Behold my grandchildren. My first meetings with them were overwhelming; I cried like a baby on each occasion. I hadn’t expected to be so overtaken by being a grandparent. It’s like some ancient evolutionary trigger has been pulled in my hindbrain that renders me ready to kill or die for them. Perhaps it is my advancing years and intimations of my own mortality that make me feel such a powerful attachment to someone I have just met. They are my future. Or maybe they’re just unbelievably cute. I might be biased.
Maybe that’s why I felt, an unusual for me, Daily Mail brand of rage about the recent scandal of serial killer and nurse, Lucy Letby. As a psychiatrist with nearly 40 years experience, ‘Hanging is too good for ‘em’ isn’t my normal response to serial killers, but there it was bubbling up into my consciousness. I can’t begin to imagine how the families of Letby’s victims are coping. I’ve avoided putting pen to paper in the immediate aftermath of the case in order to manage my grandfatherly bloodlust.
My interest in health IT has never been about computers. It’s always been about patient safety. Older readers may recall my longstanding interest in the value of assessing the culture of organisations where a disaster happens as a consequence of a toxic managerial culture and the value of the Zone of Uncomfortable debate. The ability of an organisation to discuss uncomfortable subjects is directly related to patient safety and maybe the calls to regulate managers who fail to produce a healthy culture are justified. But leaving aside the understandable desire for heads to roll, would that stop a future Letby? I doubt it.
Firstly, looking at it as dispassionately as possible, what do we do? I’ve previously considered covert surveillance as a patient safety tool, but for psychopaths like Letby, even a body-worn camera can be switched off. Besides, who would review all that footage and what would it cost? And here’s an uncomfortable thought for such an emotive subject, how much is a cash-strapped NHS willing to spend on an incredibly rare occurrence like Letby, Shipman or Allitt?
Secondly, and just as uncomfortably, do we hold up our hands and file ‘NHS serial killer healthcare staff’ under ‘stuff happens’ and do nothing? This is unacceptable to the hindbrain of my inner Grandpa.

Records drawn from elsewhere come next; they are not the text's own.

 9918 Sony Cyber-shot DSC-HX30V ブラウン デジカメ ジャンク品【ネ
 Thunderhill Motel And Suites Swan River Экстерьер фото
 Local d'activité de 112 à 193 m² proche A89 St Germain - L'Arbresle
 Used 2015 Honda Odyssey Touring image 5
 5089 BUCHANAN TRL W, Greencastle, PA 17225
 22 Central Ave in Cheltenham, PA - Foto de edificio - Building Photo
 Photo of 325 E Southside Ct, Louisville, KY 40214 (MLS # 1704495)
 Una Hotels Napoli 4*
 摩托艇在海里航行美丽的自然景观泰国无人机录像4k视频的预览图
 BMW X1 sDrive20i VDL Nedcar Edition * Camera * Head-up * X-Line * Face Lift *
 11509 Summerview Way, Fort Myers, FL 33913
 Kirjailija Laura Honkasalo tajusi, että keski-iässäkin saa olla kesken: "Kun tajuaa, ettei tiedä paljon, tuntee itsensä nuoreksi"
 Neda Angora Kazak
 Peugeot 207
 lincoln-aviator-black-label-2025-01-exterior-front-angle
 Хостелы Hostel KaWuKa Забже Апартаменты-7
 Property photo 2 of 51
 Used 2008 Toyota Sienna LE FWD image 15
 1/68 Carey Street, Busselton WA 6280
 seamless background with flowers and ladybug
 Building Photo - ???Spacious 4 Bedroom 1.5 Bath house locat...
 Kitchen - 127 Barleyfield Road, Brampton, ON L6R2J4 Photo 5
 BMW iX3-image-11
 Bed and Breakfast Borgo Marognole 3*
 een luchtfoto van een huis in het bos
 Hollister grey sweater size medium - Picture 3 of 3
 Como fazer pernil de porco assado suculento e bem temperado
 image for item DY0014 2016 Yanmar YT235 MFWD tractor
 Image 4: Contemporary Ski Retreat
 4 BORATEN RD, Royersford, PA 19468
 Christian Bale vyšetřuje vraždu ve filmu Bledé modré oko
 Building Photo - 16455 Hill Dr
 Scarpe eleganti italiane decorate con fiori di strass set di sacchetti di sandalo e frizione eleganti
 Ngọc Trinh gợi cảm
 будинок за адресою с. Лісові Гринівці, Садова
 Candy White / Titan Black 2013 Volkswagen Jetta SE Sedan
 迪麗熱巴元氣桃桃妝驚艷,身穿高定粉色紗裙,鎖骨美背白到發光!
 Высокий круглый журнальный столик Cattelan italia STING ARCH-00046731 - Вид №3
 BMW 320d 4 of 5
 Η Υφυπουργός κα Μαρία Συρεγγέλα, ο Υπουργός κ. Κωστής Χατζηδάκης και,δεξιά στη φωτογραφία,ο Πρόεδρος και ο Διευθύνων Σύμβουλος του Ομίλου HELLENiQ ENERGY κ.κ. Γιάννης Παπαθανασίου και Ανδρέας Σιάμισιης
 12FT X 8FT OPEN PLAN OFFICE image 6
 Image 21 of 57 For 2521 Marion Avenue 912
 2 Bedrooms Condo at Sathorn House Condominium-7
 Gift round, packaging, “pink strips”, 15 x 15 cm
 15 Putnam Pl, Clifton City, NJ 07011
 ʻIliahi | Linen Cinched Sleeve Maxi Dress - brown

That leaves us with the third option, i.e. what doctors have to do post-Shipman – appraisal and revalidation. I’ve heard it said that Harold Shipman would ‘sail through the appraisal and revalidation’. Would he really though? Would he have been given pause for thought by having to sit down once a year and explain his SUIs to his appraiser. I think he would. Even just the idea that you are under scrutiny is good for the soul and makes playing God slightly more difficult. The idea that only doctors require appraisal and revalidation was a fallacy from the start. Done properly, appraisal and revalidation is good for the organisation, the appraiser and the appraisee, but in future it should be for all. Doctors, nurses, managers, everyone, every year and with proper oversight within organisations including multisource feedback.
The least we can do.
Nobody said it better than Don Berwick 10 years ago after MidStaffs: “We need to invest in the constant improvement of staff and systems and that means systemic, well organised appraisal for all.”
As he said “as a total community we need to take action.”